To further investigate changes in the microbial composition, we conducted 16S rDNA sequencing on Shn RNAi and control intestines. The experiments revealed an enrichment of Acetobacteria species concurrent with a significant reduction in overall microbial diversity in the intestine of tumor-bearing flies (Fig. 2C). Since the comparative analysis did not provide information about the extent of changes in taxa abundance and changes in the overall microbiome (34), we examined the load of various bacteria by colony formation unit (CFU) assays on selective mediums for Acetobacteriaceae and other bacteria (NR) (20, 35), as well as by taxa-specific 16S qPCR (36, 37). In these experiments, we observed intestinal dysbiosis in Dpp/BMP knockdown conditions (both Mad and Med RNAi, referred to as Mad/Med-RNAi, Shn RNAi), as shown in SI Appendix, Fig. S2 C and D. A similar dysbiosis was observed in Notch-depleted (N RNAi) animals as an independent means to induce stem cell tumors (SI Appendix, Fig. S2D). Furthermore, animals with intestinal-specific Med knockouts showed a significant increase in Acetobacteria and other bacteria upon growth on nutrient-rich medium (SI Appendix, Fig. S2E). Together, these data demonstrate an overall increased bacterial load and a lower microbial diversity in the intestines of tumor-bearing flies.

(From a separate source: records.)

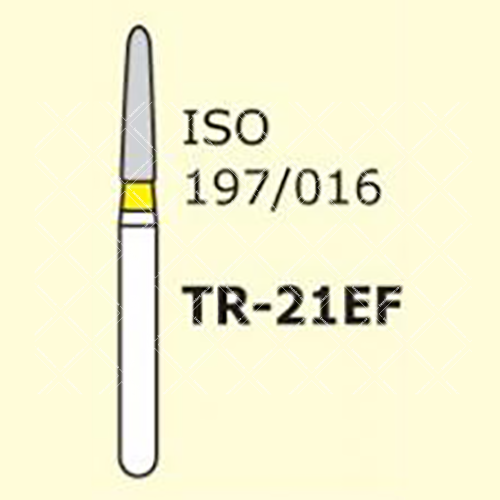 Бор алмазний MANI, 1 шт TR-21EF (ISO 197/016) жовті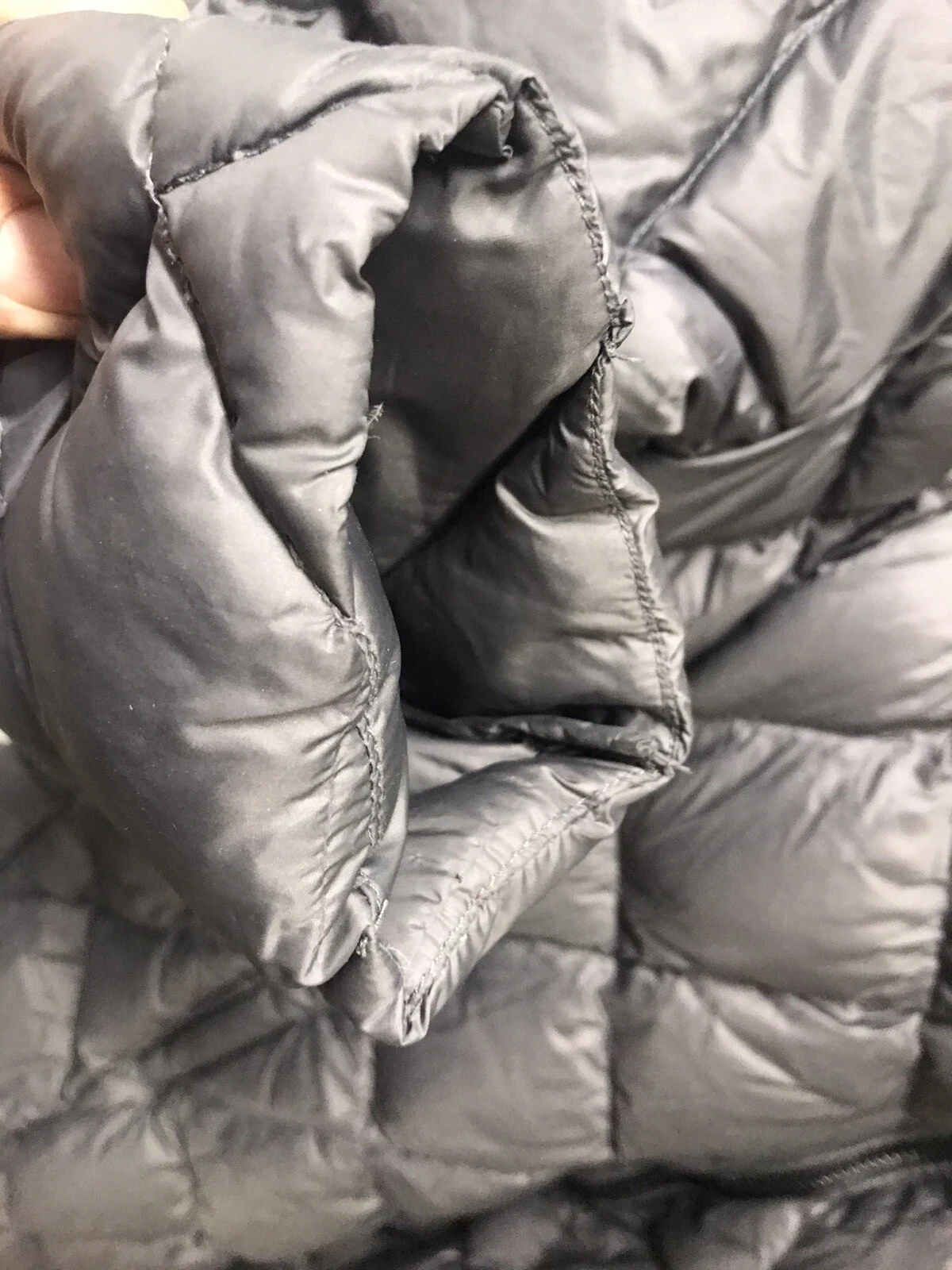 Michael Kors MK Coat Gunmetal (Grigio Scuro) Giacca Puffer Cappuccio Donna Taglia XL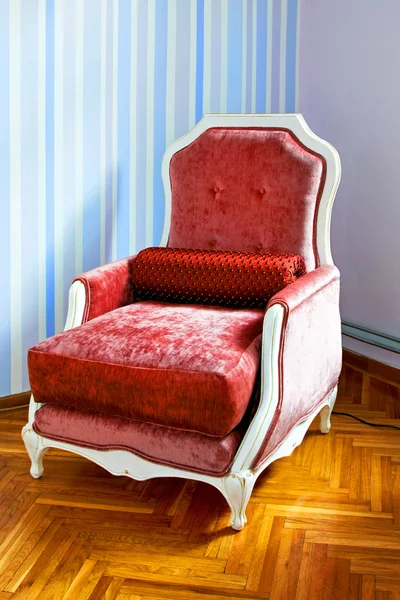 Piros fotel 2 — Stock Fotó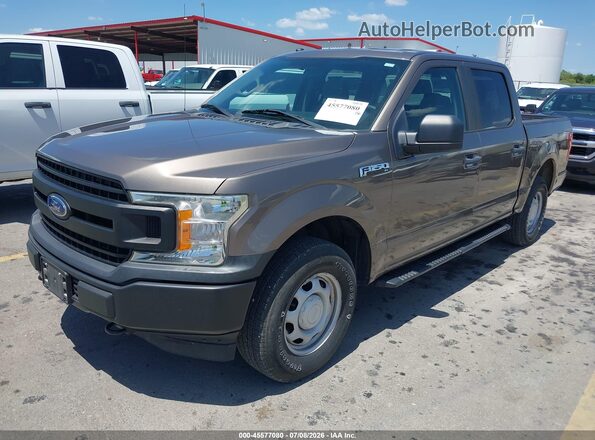 1FTEW1EB0JFD04920 2018 FORD F150 Brown Przód lewy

Previous work showed that BMP signaling determines copper cell differentiation and its inactivation leads to decline of the acidic stomach-like copper cell region (CCR) in the middle midgut (2, 20, 22, 29–32). In addition, age-related CCR decline disrupts the distribution and diversity of gut commensals (22). To exclude that tumor-related microbial dysbiosis is caused by decline of the acidic stomach-like CCR, we assessed the function of the CCR by feeding control and tumor-bearing flies with a diet containing a pH indicator. These experiments indicated that the tumor flies display dysbiotic phenotype at early time points (day 5 and day 8), but maintain the acidity in the CCR (SI Appendix, Fig. S2 A, F, and G). In addition, the expression of CCR-specific vacuolar-type H⁺ ATPase, Vha100-4, remained at a similar level in the tumor intestine compared to the control tissue (SI Appendix, Fig. S2H). These results suggest that the tumor-induced dysbiosis is not caused by BMP-related decline in CCR function.

Intestinal Tumorigenesis Impairs Epithelial Barrier Functions.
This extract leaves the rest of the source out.